Senator Jacobson replied that the 26 gap aid school districts do not spend only the minimum. Most of them have significant additional resources. We are defining our opportunities through such things as class sizes of 20 and various intervention programs. We are not saying that a class size of 20 is the right number: we are simply stating that this is what base funding supports. Adequacy cannot be defined by salary levels.
Mr. Harris responded that he did not say that adequacy could be defined by salary levels. His point is that children have different needs and the state should fund them. Mr. Harris added that the Task Force should fund children, not school districts. He iterated that the Task Force has not yet defined what level of funding is needed. Adequacy is defined by the educational needs of individual children.
Mr. Wilkins acknowledged Mr. Harris's frustration that the Task Force did not commission an external school funding study. He added that he has his own frustrations with other issues that the Task Force did not address. Mr. Brandt noted that he had also supported an external funding study. Mr. Locke opined that the Task Force, in the beginning, should have determined what kind of school system was desired and then calculated how much such a system would cost.
Senator Jacobson stated that the Task Force has already had this discussion. He argued that spending cannot be correlated to results.
Mr. Burkland stated that it would be nice to analyze everything through some study performed by individuals locked up in a clean room, but it became very clear early on that data related to what drives success does not exist. It would be irresponsible to hire an expert to conduct a study based on data that we already know is bad: flawed data would create a flawed study. Instead of an external study, we designed an approach and process that constantly looks for what drives success. It is not perfect and never will be, but it is an approach that will help policymakers decide where to spend their energies and resources.
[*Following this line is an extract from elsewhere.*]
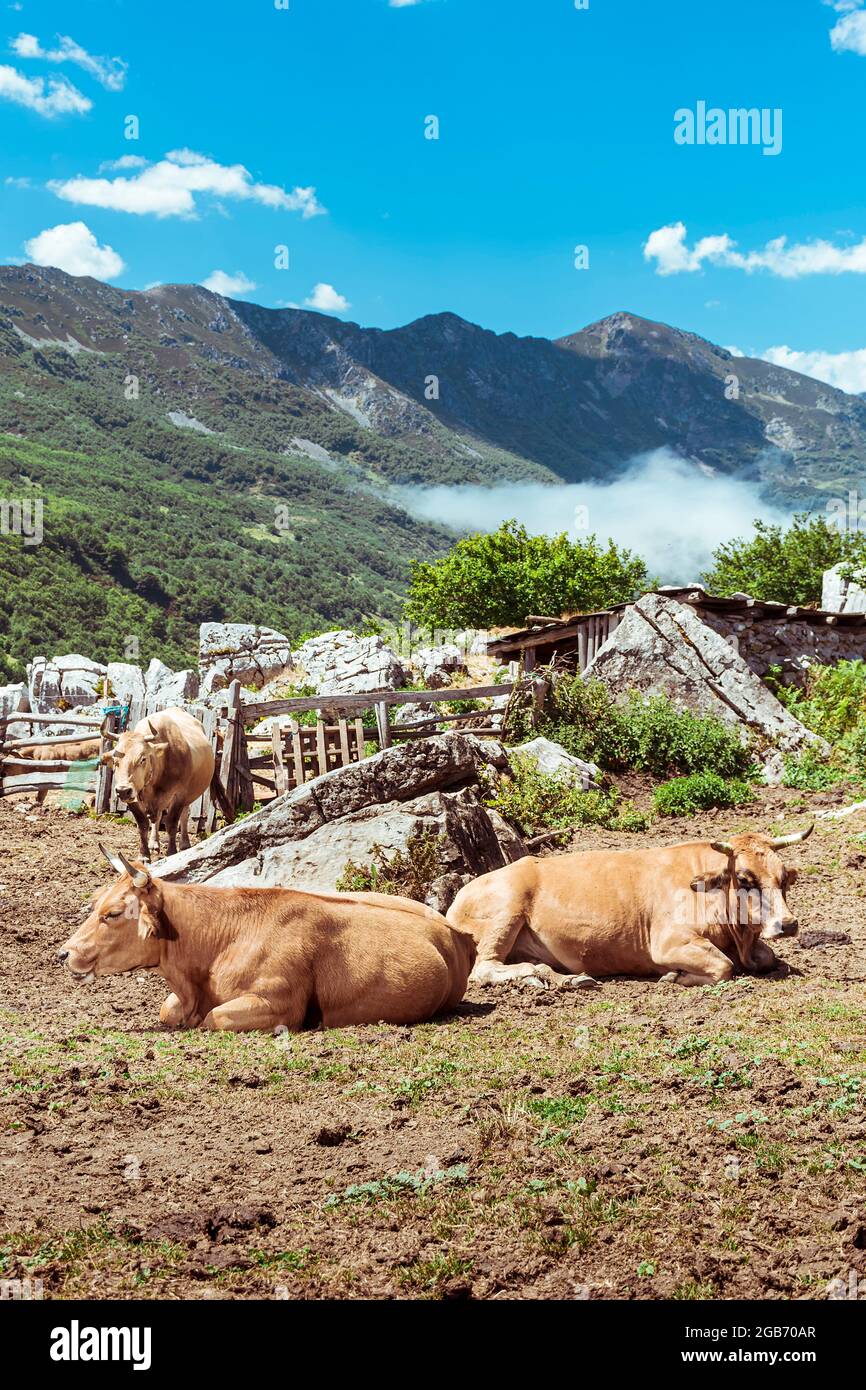 Vaches Asturies typiques couché en bas se reposant dans la braña du col de la montagne de San Isidro dans les Asturies Espagne.la photo est prise un jour ensoleillé et tourné Banque D'Images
Mr. Locke answered that he was not suggesting that the Task Force should have hired outside experts to conduct the study. He offered that there is enough talent on the Task Force to generate its own solution. Mr. Locke supports the building-block approach and believes that it is a major step towards having the money follow the students.
Ms. Shaner remarked that the Task Force had not yet discussed what teachers' salaries should be. There might be some higher salary than that of the 26 gap aid districts that is needed to generate a statewide model. She encouraged the Task Force to engage in a conversation relative to teachers' salary levels. Mr. Harris expressed his belief that the Task Force should recommend that Ohio commission a study of the adequacy of its school funding system.
Mr. Burkland observed that it appears that what some members are really advocating is simply raising salaries. He added that he has seen no documentation that could show that average salary means anything. However, there are certainly problems in parts of the system. We need higher-level training for teachers. Also, we are not training enough mathematics and science teachers.
Mr. Mooney replied that he did not remember any discussion of average salary. He argued that there is a huge disparity in salaries around the state. Higher salaries stem attrition of people from the teaching field and from Ohio. The Task Force has not looked at salaries as a component of adequacy. Salary discussions should be more about raising minimums than looking at averages.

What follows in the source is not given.